LOS ANGELES –- A man who operated two businesses that sold office supplies to the federal government has been convicted by a federal jury of giving illegal gifts to federal employees who did business with his companies.
Ivan Greenhut, 57, of Tarzana, was convicted Monday, Dec. 21, in United States District Court of one count of conspiring to give gifts to federal officials who purchased products from Greenhut’s companies and one count of giving a gift to a public official, specifically a United States Army employee who purchased products from Greenhut’s companies.
“The public is entitled to impartial purchasing decisions by federal employees,” said United States Attorney Eileen M. Decker. “Mr. Greenhut’s illegal gift scheme cast doubt upon every purchase from his companies, thereby violating the public’s trust and confidence in its government. That scheme now has him facing a significant federal prison sentence.”
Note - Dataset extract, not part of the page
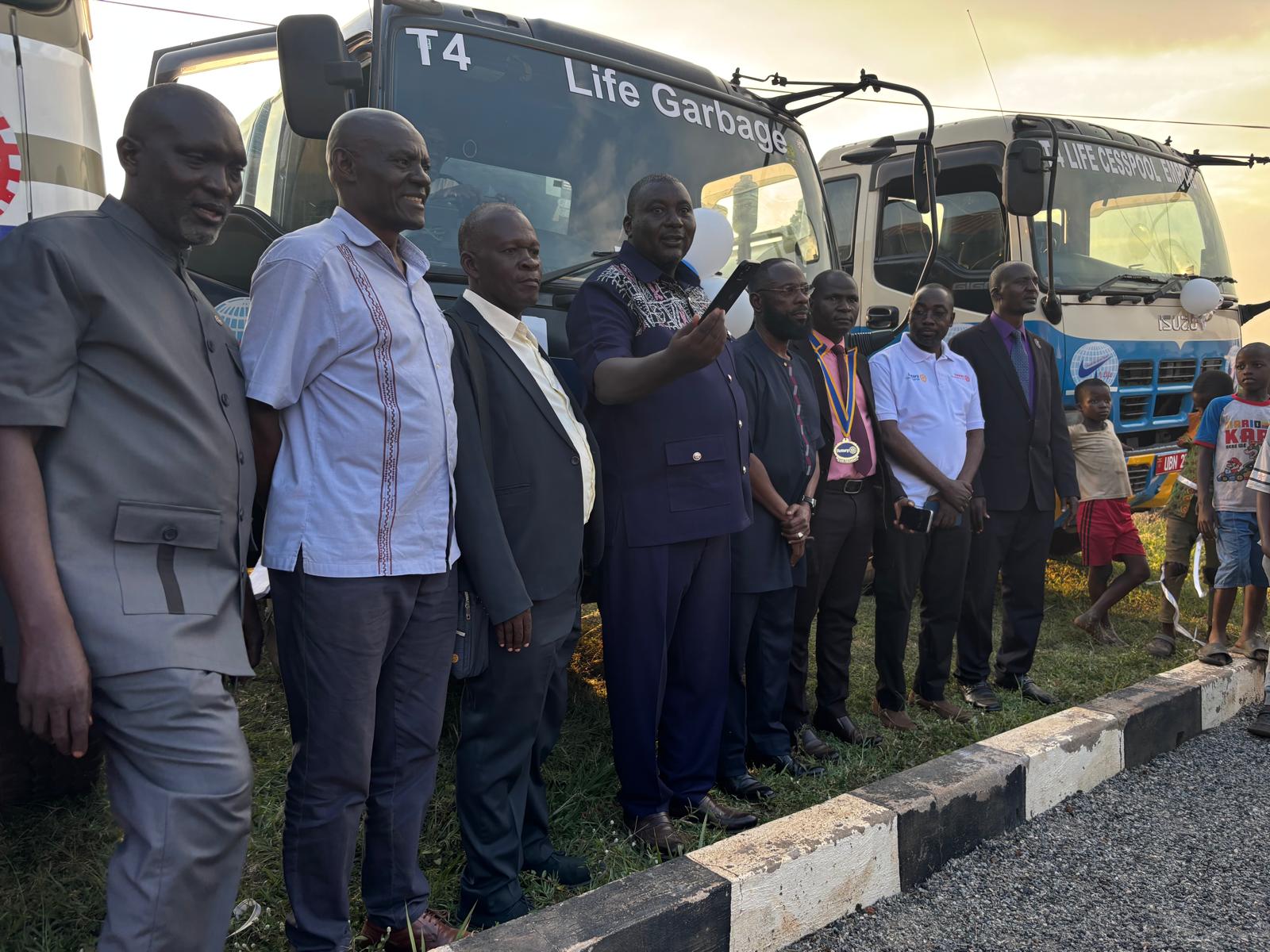 An official addressing attendees in front of the project trucks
Greenhut operated two companies – Modern Data Products, which operated out of Canoga Park, and Modern Imaging Solutions, based out of the Philippines. These companies sold office supplies – for example, printer and photocopier supplies, toner cartridges, stationary and office furniture – to government and U.S. Army officials whose job it was to buy supplies on behalf of the federal government.
Greenhut was part of scheme to pay gratuities to government contracting officers who purchased supplies from his companies. “These gifts included electronics, such as laptop computers, digital cameras, iPads, iPods and gift certificates, worth hundreds of dollars, to retailers such as Amazon, Safeway, Target, and Best Buy,” according to court documents. “Many of these gifts were sent to the government official’s personal residence or personal email addresses.”
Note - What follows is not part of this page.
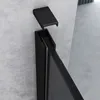 A close-up view of a black shower door frame and a detached cap against a concrete wall. Produktbild-Vorschau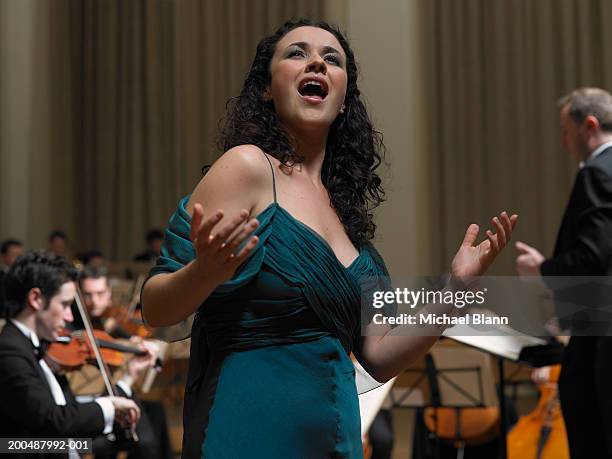 female singer performing with orchestra - muziekstandaard stockfoto's en -beelden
Testimony at trial showed that Greenhut also operated a “rewards” program in which government contracting officers earned “points” based on the amount they approved their agency to purchase.
The evidence at trial showed that Greenhut provided government officials who purchased supplies from his companies gifts with a total value of more than $36,000.
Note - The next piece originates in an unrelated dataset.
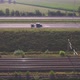 Overhead View of Cars Driving on a Highway Next to a Railroad During Summer in Belgium Europe - VideoHive Item for Sale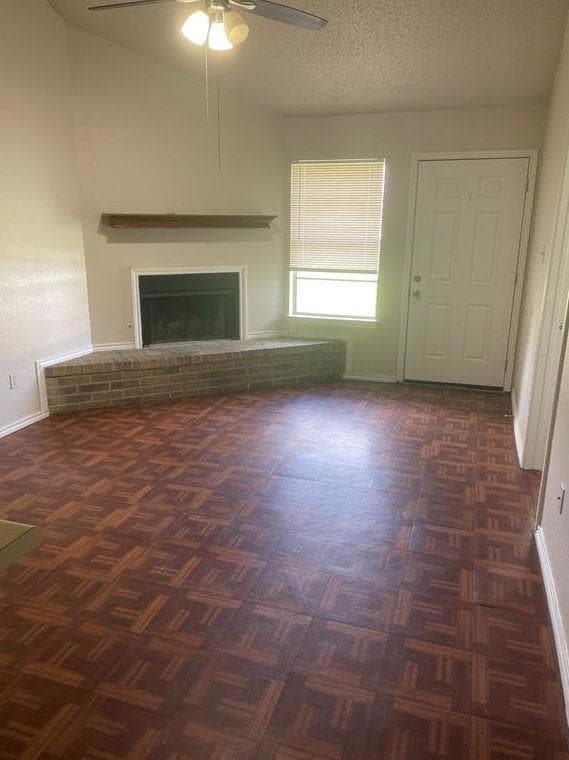 Unfurnished living room with ceiling fan and a br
A witness testified that Greenhut knew that federal buyers could not accept gifts and that he was asked to stop. Greenhut also knew that the gifts could get him “in criminal trouble,” according to instant message communications shown to the jury. Greenhut refused to stop giving the gifts, however, because the gifts brought him “far too much business.”
United States District Judge Christina A. Snyder, who presided over the four-day trial, scheduled a sentencing hearing for March 21, 2016, at which time Greenhut will face a statutory maximum penalty of seven years in federal prison.
The jury that convicted Greenhut of the two felony charges also acquitted him of a witness tampering charge that alleged he attempted to persuade the businesses’ co-owner to lie about the gratuities to investigators.